Como esta é a semana do bicentenário de Charles Darwin, tentarei fazer uma série de postagens temáticas ao longo dos próximos dias. Para começar, gostaria de usar uma velha frase, atribuída a Napoleão Bonaparte: “Dá para fazer qualquer coisa com baionetas, exceto sentar-se nelas” — o sentido sendo, nenhum governo se sustenta apenas pela força das armas, é preciso haver algum apoio na sociedade. 
Minha versão da frase é “você pode fazer o que quiser com o darwinismo, exceto tirar valores dele”.
Explicando:
Outro dia, um amigo meu começou a fazer analogias entre a atual crise financeira global e o processo de evolução por seleção natural. “Houve uma mudança no ambiente econômico”. Concordei. “As empresas que estavam muito bem adaptadas ao ambiente anterior terão sérias dificuldades”. Continuei concordando. “Muitas serão extintas, e as empresas que souberem aproveitar o novo ambiente prosperarão”. Concordei, concordei. “Então, ao ajudar a salvar os grandes bancos, os governos  estão salvando dinossauros que deveriam ser extintos!”
Para, para, para.
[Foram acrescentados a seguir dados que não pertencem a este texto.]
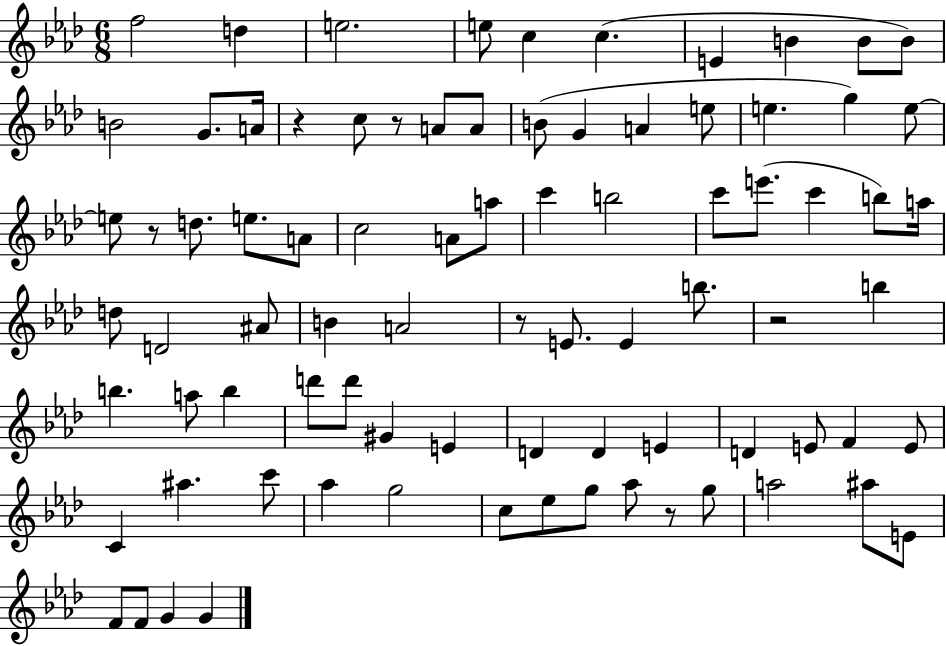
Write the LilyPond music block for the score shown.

Aí já não dava mais para concordar. Eu de fato acredito que, como ferramenta de análise e explicação, o darwinismo pode, ao menos tentativamente, aplicar-se a sistemas tão variados quanto a blogosfera, a composição interna da câmara dos deputados e a economia de mercado. Mas, primeiro: é preciso ter consciência dos limites da analogia que se pretende fazer. É possível levar uma metáfora longe demais.
 Segundo: o resultado e uma análise feita com base no processo de evolução por seleção (natural, econômica, sexual, política, etc) não tem nada a ver com o resultado de um julgamento de valores — no sentido de algo ser “bom”, “mau”, “desejável”, etc. Não sei se o socorro aos grandes bancos é uma boa decisão para sociedade, mas sei que não é análise darwiniana da economia que vai me dar essa resposta.
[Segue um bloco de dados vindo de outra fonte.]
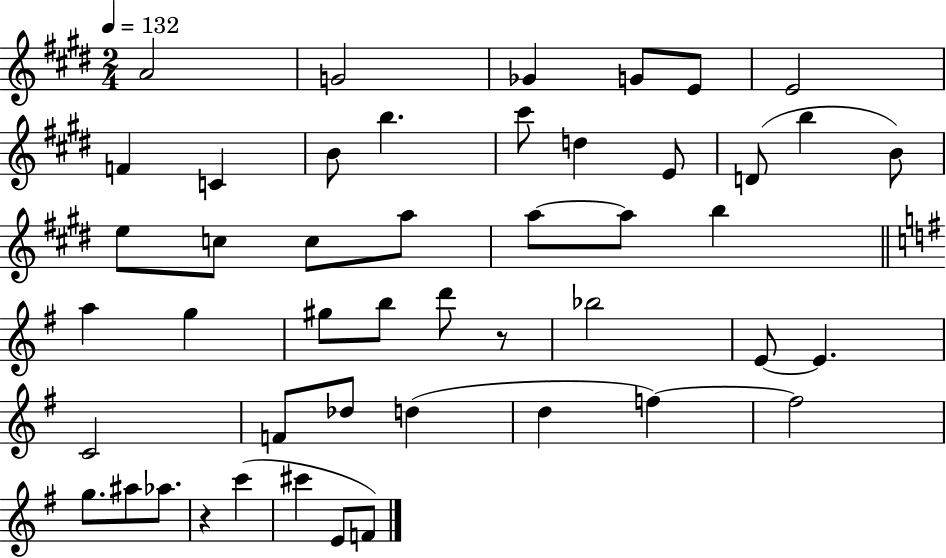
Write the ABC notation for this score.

X:1
T:Untitled
M:2/4
L:1/4
K:E
A2 G2 _G G/2 E/2 E2 F C B/2 b ^c'/2 d E/2 D/2 b B/2 e/2 c/2 c/2 a/2 a/2 a/2 b a g ^g/2 b/2 d'/2 z/2 _b2 E/2 E C2 F/2 _d/2 d d f f2 g/2 ^a/2 _a/2 z c' ^c' E/2 F/2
O que a análise darwiniana me diz é que o sistema de crédito internacional está mal equipado para sobreviver sob as novas condições do mercado e, deixado à própria sorte, provavelmente soçobrará. Ok. Mas e essas condições? São boas? São ruins? Faz sentido mantê-las? O sofrimento humano será maior ou menor se nos adaptarmos a elas ou se lutarmos contra elas?
Tentar responder a essas questões a partir de argumentos baseados no que seria “mais natural” de acordo com “o curso da evolução” é o equivalente filosófico de tentar sentar-se sobre baionetas — no caso, sobre as baionetas de Darwin.

Discussão - 2 comentários

  1. Patola disse:

    Adoro suas analogias e metáforas. Jeito muito criativo de mostrar um erro que praticamente TODO MUNDO que não tem conhecimento profundo de evolução - e mesmo alguns que têm - comete. Evolução é descritiva, não prescritiva, e como diria Dawkins: NÃO à ditadura dos genes!